Work to complete
The lines to repeat run from the one containing "Kumluca İncircik Köyünde" through the last line of the records below; repeat them exactly and give nothing more.

═══ Material provided ═══

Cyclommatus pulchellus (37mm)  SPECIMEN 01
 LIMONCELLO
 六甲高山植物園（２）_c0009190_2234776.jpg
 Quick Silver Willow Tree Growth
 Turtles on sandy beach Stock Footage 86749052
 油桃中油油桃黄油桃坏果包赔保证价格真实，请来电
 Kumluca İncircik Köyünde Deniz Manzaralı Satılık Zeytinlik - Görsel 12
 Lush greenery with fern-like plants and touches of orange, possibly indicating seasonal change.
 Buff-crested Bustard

═══

Answer for the task
 Kumluca İncircik Köyünde Deniz Manzaralı Satılık Zeytinlik - Görsel 12
 Lush greenery with fern-like plants and touches of orange, possibly indicating seasonal change.
 Buff-crested Bustard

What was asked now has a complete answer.